_Exercise prompt_. A picture-free, exact copy of all the records below is the goal.

_Record extracts_.

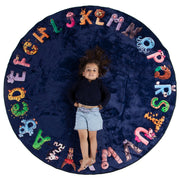 ABC Kids XL 6 ft Alphabet Rug - Nursery & Classroom - Circle Blue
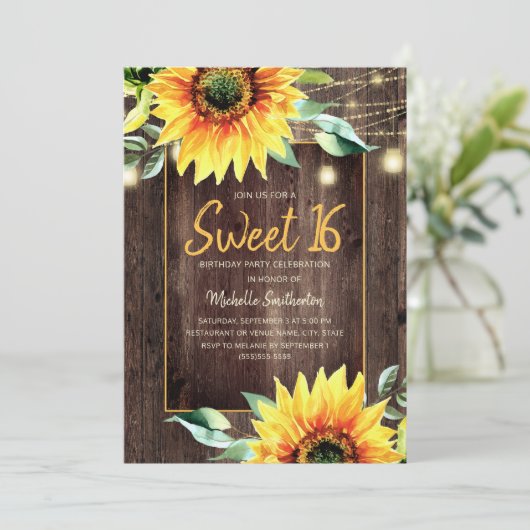 Rustic Sunflower String Light Sweet 16 Birthday Kaart (Staand voorkant)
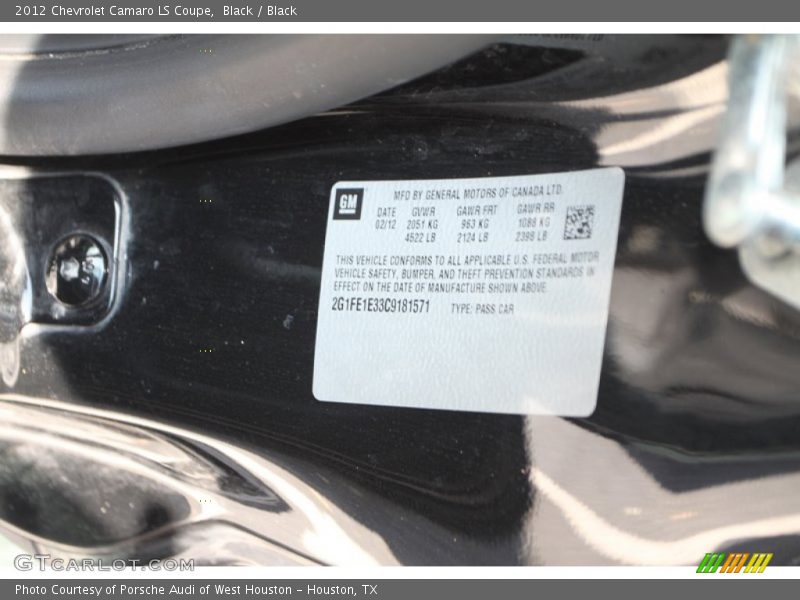 Black / Black 2012 Chevrolet Camaro LS Coupe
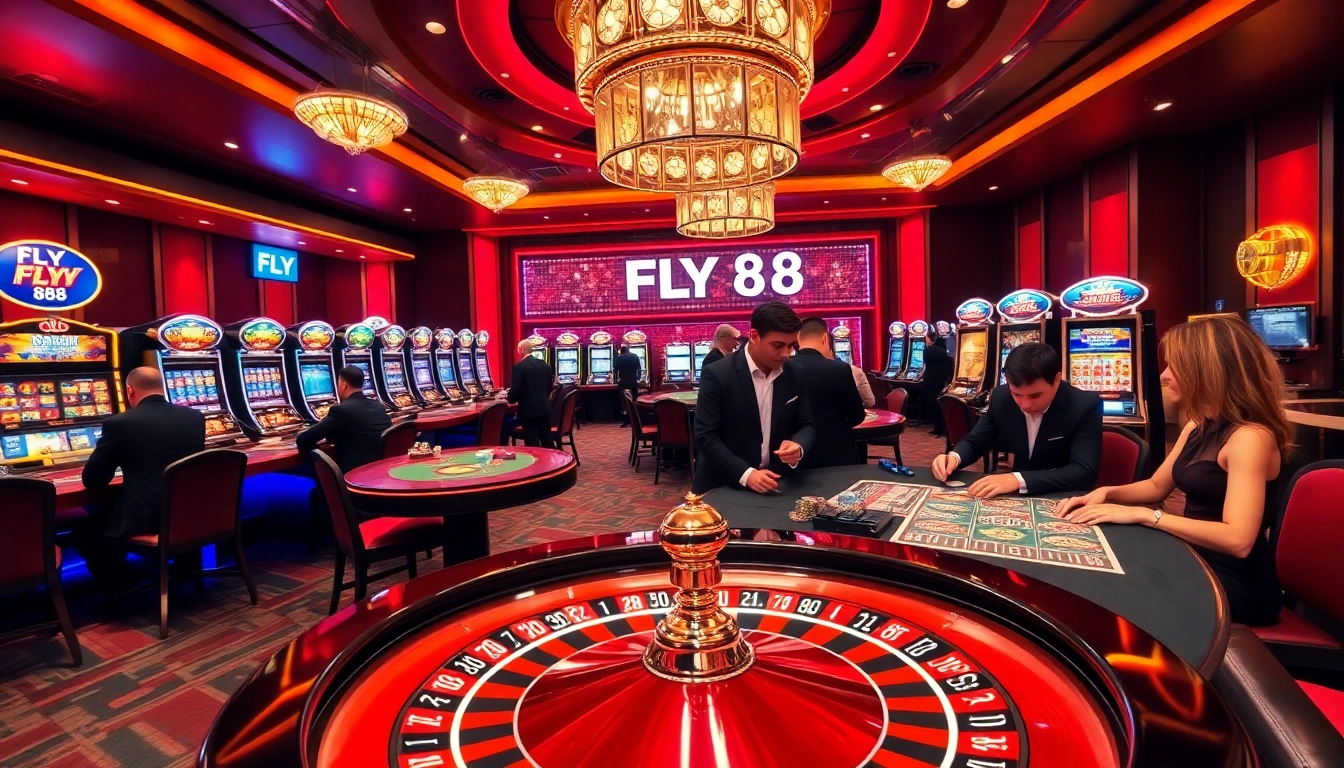 Exciting gaming atmosphere at FLY 88 with enthusiastic players at a poker table.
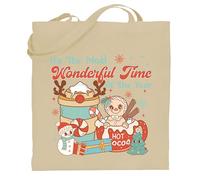 Christmas Tote Bag - It’s The Most Wonderful Time of The Year - Cute Gingerbread & Hot Cocoa Design - Reusable Cotton Bag for Xmas Gifts & Shopping (Natural)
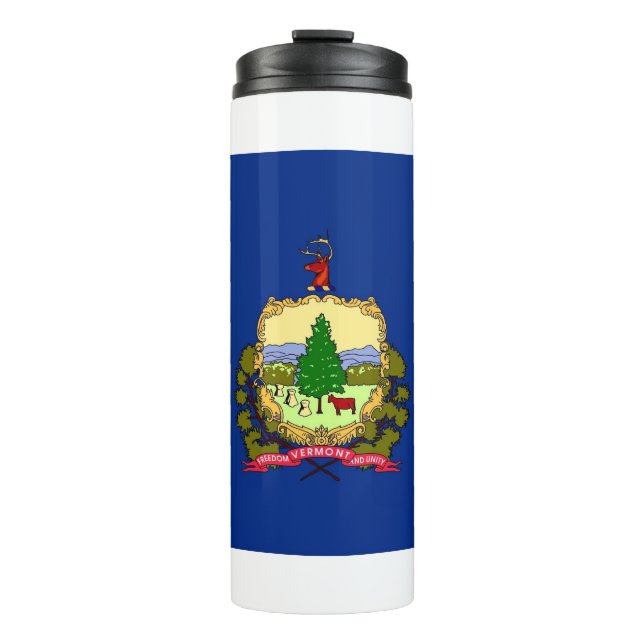 Thermal Tumbler with flag of Vermont, USA (Front)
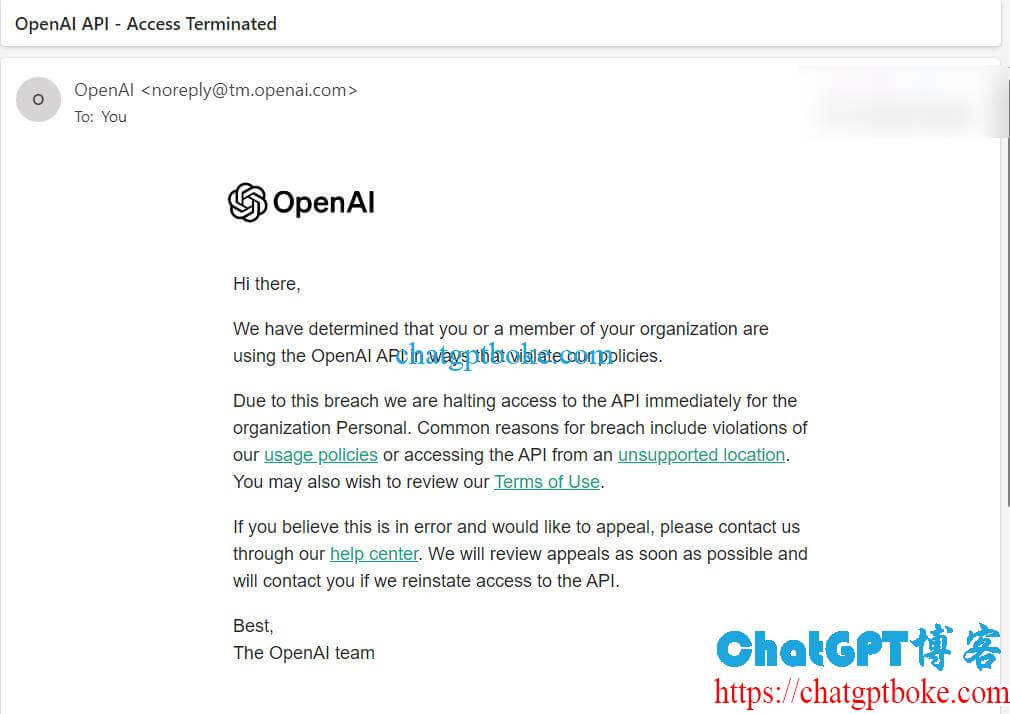 OpenAI和OpenAI API因为使用条例或者调用地址被封号Access Terminated了怎么办？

_Answer box_.
 ABC Kids XL 6 ft Alphabet Rug - Nursery & Classroom - Circle Blue
 Rustic Sunflower String Light Sweet 16 Birthday Kaart (Staand voorkant)
 Black / Black 2012 Chevrolet Camaro LS Coupe
 Exciting gaming atmosphere at FLY 88 with enthusiastic players at a poker table.
 Christmas Tote Bag - It’s The Most Wonderful Time of The Year - Cute Gingerbread & Hot Cocoa Design - Reusable Cotton Bag for Xmas Gifts & Shopping (Natural)
 Thermal Tumbler with flag of Vermont, USA (Front)
 OpenAI和OpenAI API因为使用条例或者调用地址被封号Access Terminated了怎么办？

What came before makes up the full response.